Adam Magro
- Full name: Adam Terry Fergus Magro
- Born: 14 April 1971 (age 54) Sydney, NSW, Australia
- School: Sydney Boys High School
- Notable relative: Sophie Scamps (wife)
- Occupation: Mortgage broker

Rugby union career
- Position: Outside centre

Senior career
- Years: Team / Apps / (Points)
- 2000: Toyota Shokki
- 2001–03: Leinster

Super Rugby
- Years: Team / Apps / (Points)
- 1996–99: Brumbies / 23 / (15)
- 2001: Waratahs / 1 / (0)

International career
- Years: Team / Apps / (Points)
- 1996–97: Australia
- 2004: Malta

= Adam Magro =

Australian rugby union player (born 1971)

Adam Terry Fergus Magro (born 14 April 1971) is an Australian former professional rugby union player.

==Early years==
A native of Sydney, Magro played junior rugby with Coogee Seahorses and made the GPS 1st XV during his time at Sydney Boys High School. He gained Australian Schoolboys representative honours in 1988, as a centre partner to future Wallaby Matt O'Connor, then continued his studies at the University of New South Wales.

==Rugby career==
Magro, an outside centre, was signed by the ACT Brumbies from Randwick for the inaugural Super 12 season. His first season form was enough to earn a Wallabies call up for the 1996 end of year tour of Europe. He made his first Wallabies appearance in a tour match against Combined Scottish Districts, after which he had to return home with a broken ankle. The following year, Magro made his second Wallabies tour, but again only played uncapped matches.
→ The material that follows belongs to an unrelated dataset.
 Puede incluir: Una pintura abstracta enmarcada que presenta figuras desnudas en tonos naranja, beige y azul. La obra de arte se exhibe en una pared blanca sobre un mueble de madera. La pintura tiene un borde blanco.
Finishing at the Brumbies in 1999, Magro spent the next period of his career overseas, starting with a year in Japan at Toyota Shokki. He returned to Randwick briefly in 2001, then linked up with Irish team Leinster for two seasons. While studying for a Masters of Science, Magro won a blue featuring for Oxford University in the 2003 Varsity match.

Magro is of Maltese descent and played Test rugby for Malta in 2004.

==Personal life==
Magro, a mortgage broker, is married to independent MP Sophie Scamps.